ModelOps is a set of capabilities focused on the governance and life cycle management of artificial intelligence and decision models. ModelOps includes MLOps and AIOps, terms which can sometimes be used interchangeably. However, while MLOps is similar to and contained within ModelOps, MLOps tends to focus on operationalization of ML models. And AIOps, also similar and contained within ModelOps, is generally AI for IT operations. ModelOps, instead, focuses on operationalizing all AI and decision models. This includes models based on:
- Machine learning (ML)
- Knowledge graphs
- Rules
- Optimization
- Linguistic and agent-based models
The core capabilities of ModelOps includes continuous integration/continuous delivery (CI/CD) integration, model development environments, champion-challenger testing, model versioning, model store, and rollback.
ModelOps is a variation of DevOps necessary for developing predictive analytics at scale and enabling the continuous delivery and efficient development and deployment of models. Through ModelOps, a company or organization can provide regular updates and deployments as the data and AI models are managed, scaled, monitored, and retrained for production and for redeployment as company or organization challenges change. As well, ModelOps works to solve the challenges faced by an organization deploying a model into production, which can include:
- Compatibility of an analytics model from the creation environment to the production environment
- Developing a portable model
- Limitations from monolithic and locked-in software platforms which can limit what organizations can do or offer
- Handling larger volumes of data and data transport modes as a model progresses to production
ModelOps and its related team are also seen as a way to develop communication between data scientists, data engineers, application owners, and infrastructure owners. ModelOps systems with dashboards or reporting systems can also allow leaders or program managers to better understand how teams are deploying or using AI in an enterprise.
Common problems addressed by ModelOps
A use case for ModelOps is in the financial sector, in which time-series models are used for strict rules on bias and auditability. For these models, fairness and robustness are necessary. ModelOps can automate the model life cycle of models in production. The automation can include designing the model life cycle, governing and monitoring the model for bias and technical or business anomalies, and updating the model without disrupting the applications. ModelOps in this case works to keep everything together while working to maintain business performance and ensure risk control and compliance.
Benefits of ModelOps
A 2018 Gartner study found 37% of respondents had deployed AI in some form, but enterprises were still far from implementing AI, with deployment challenges often being the reason why. Independent analyst firm Forrester conducted similar research and reported that data scientists regularly complained that their models sometimes or never deployed.

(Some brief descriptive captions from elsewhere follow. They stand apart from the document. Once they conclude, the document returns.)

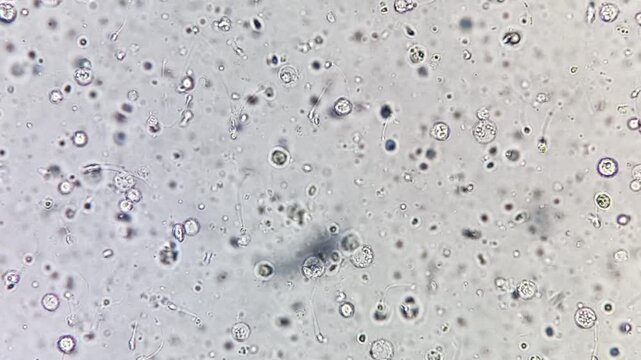 Oligozoospermia and asthenozoospermia with evidance of infection. Plenty of pus cells are seen. Microscopic footage of abnormal sparm count.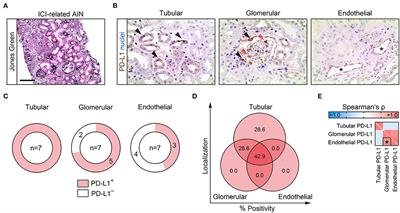 Compartmentalization of Intrarenal Programmed Cell Death Protein 1-Ligand 1 and Its Receptor in Kidney Injury Related to Immune Checkpoint Inhibitor Nephrotoxicity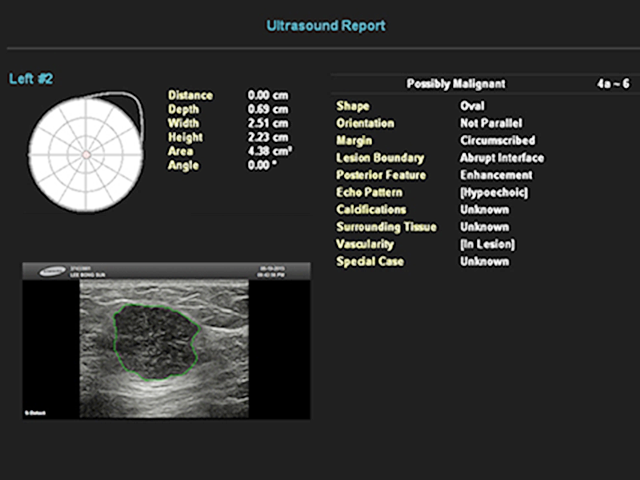 S-Detect Breast - результаты автоматического анализа образования в молочной железе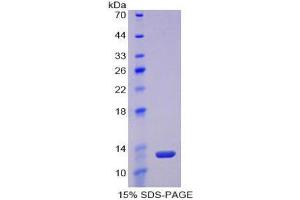 SDS-PAGE (SDS) image for Lysyl Oxidase-Like 2 (LOXL2) (AA 53-160) protein (His tag) (ABIN1877947)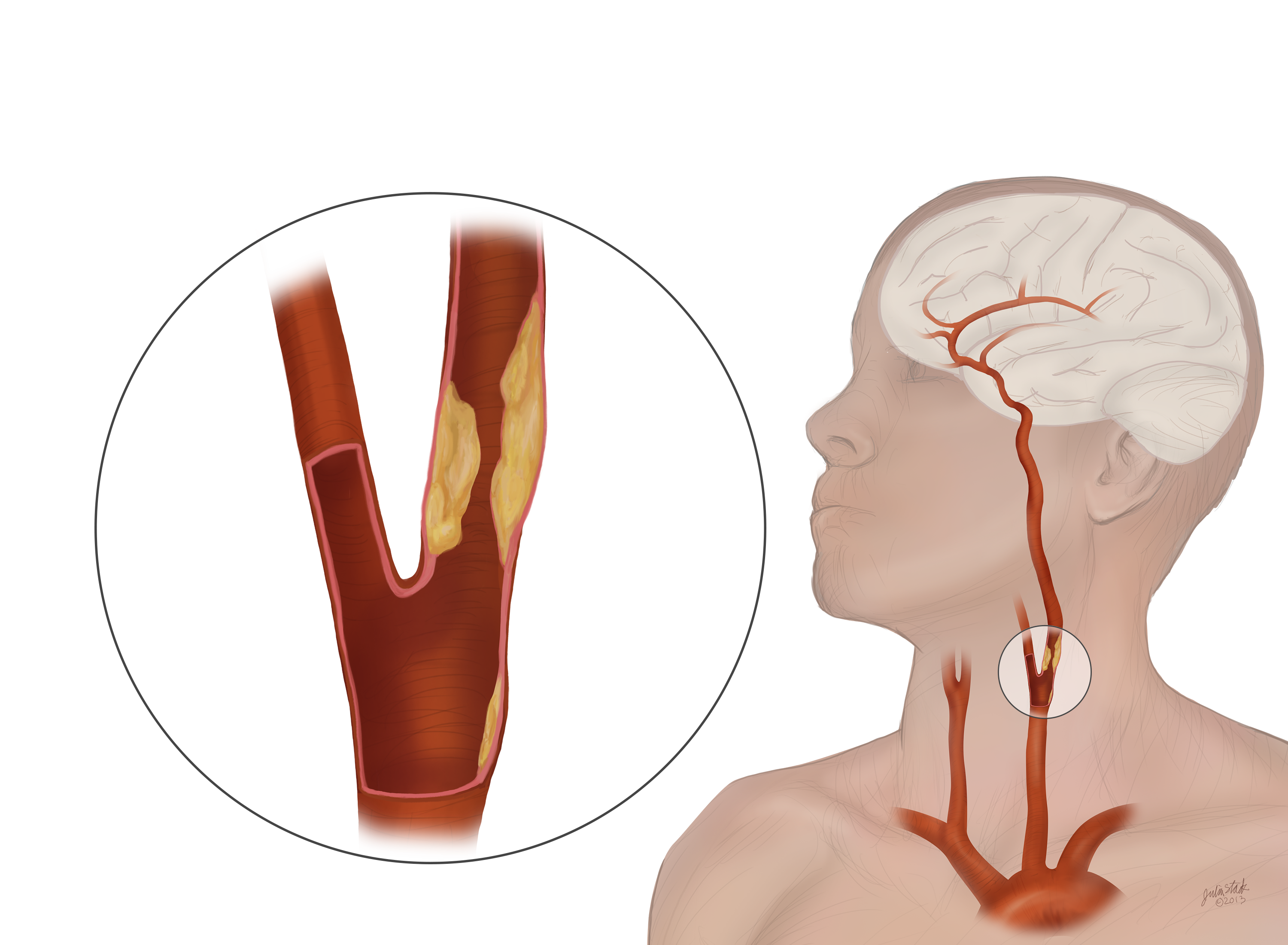 TCAR – The Future of Carotid Repair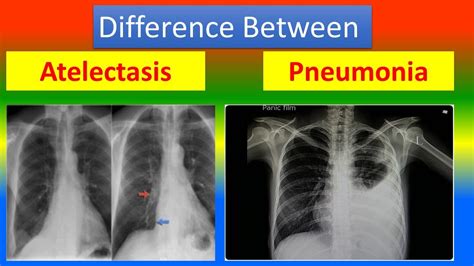 Atelectasis Vs Pneumonia Chest X Ray Sexiezpicz Web Porn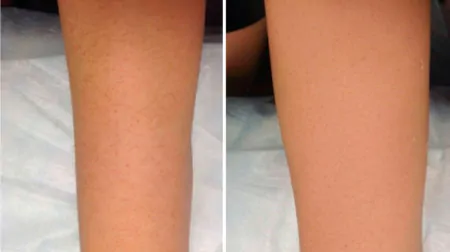 Фото до після: Руки повністю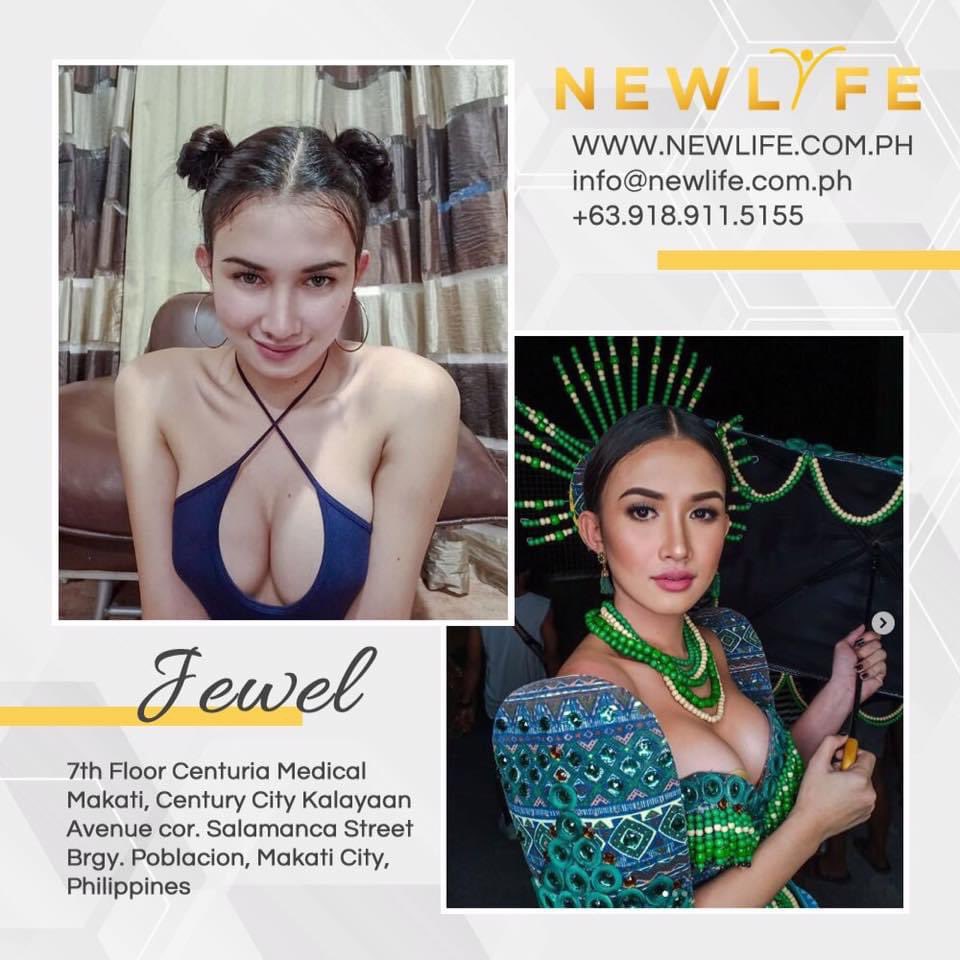 Money99Ai's tweet photo. BreastAugmentation Dr. James Joaquino; a board-certified #PlasticSurgeon with more than 30 years of experience, and whose expertise is most sought after by celebrities, models and beauty queens.
Advise 👨‍⚕️Dr. James Joaquino directly through Viber, WeChat or WhatsApp at 09189115155 https://t.co/AW5lOZqygS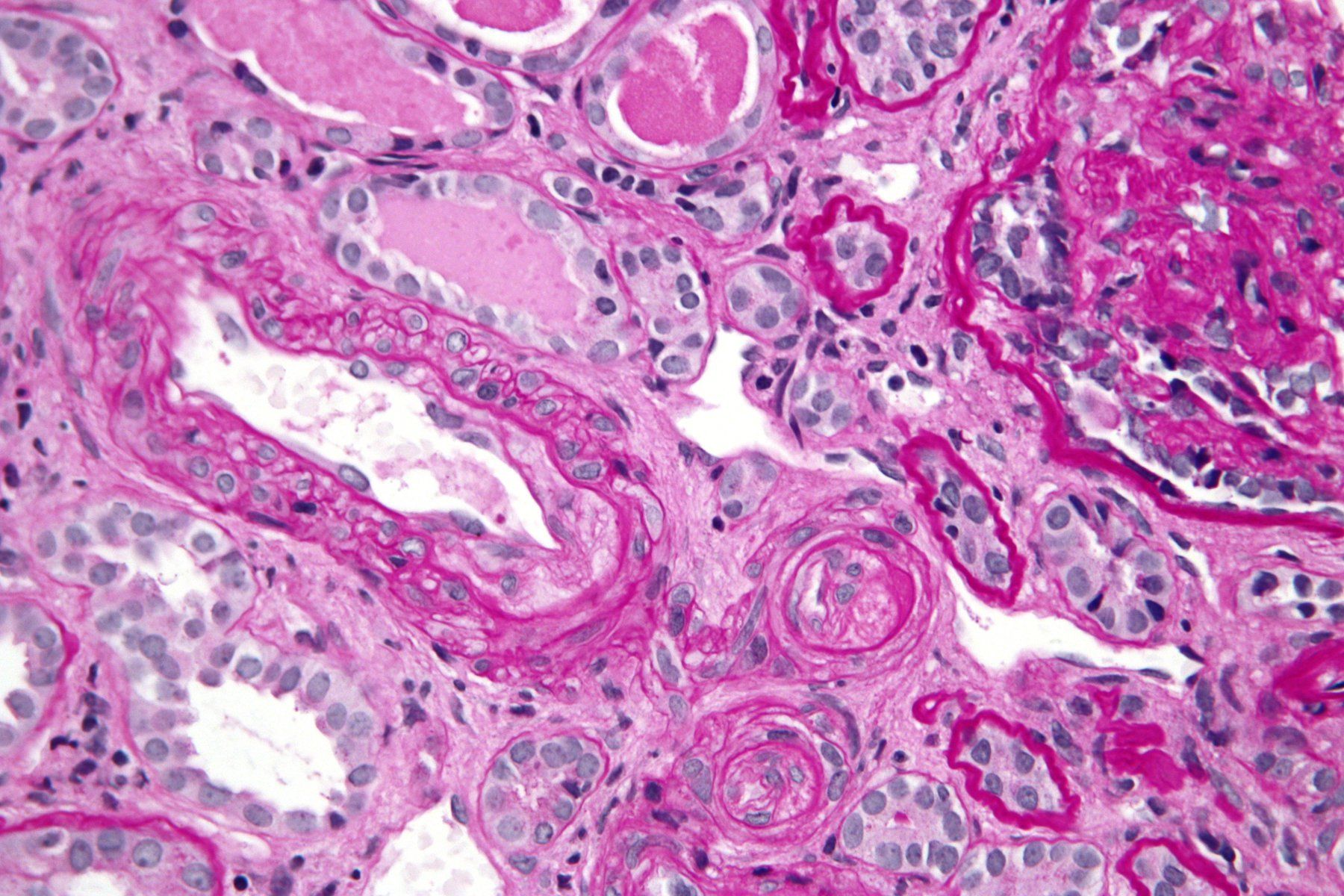 Các xét nghiệm trong Lab dùng để chẩn đoán Lupus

After these and similar findings, the goal for developing ModelOps was to address the gap between model deployment and model governance, to ensure all models ran in production, and to align the models with technical and business KPI's, all the while managing risk. ModelOps was described as a programmatic solution for AI-aware staged development that would enable model versions to match business apps and include AI model concepts such as model monitoring, drift detection, and active learning. This research was presented in December 2018 by Waldemar Hummer and Vinod Muthusamy of IBM Research AI.
In a 2019 paper presented at the IEEE International Conference on Cloud Engineering (IC2E), the proposition of ModelOps as a cloud-based framework and platform for end-to-end development and lifecycle management of artificial intelligence applications was given. They suggested the framework would make it possible to extend the principles of software lifecycle management to enable automation, trust, reliability, traceability, quality control, and reproducibility of AI model pipelines. The paper was presented by Waldemar Hummer, Vinod Muthusamy, Thomas Rausch, Parijat Dube, and Kaoutar El Maghraoui.
ModelOp, Inc. published the first guide to ModelOps methodology in March 2020. The publication was intended to provide an overview of the capabilities of ModelOps, with technical and organizational requirements for implementing ModelOps practices. In October 2020, ModelOp launched ModelOp.io, a hub for ModelOps and MLOps resources.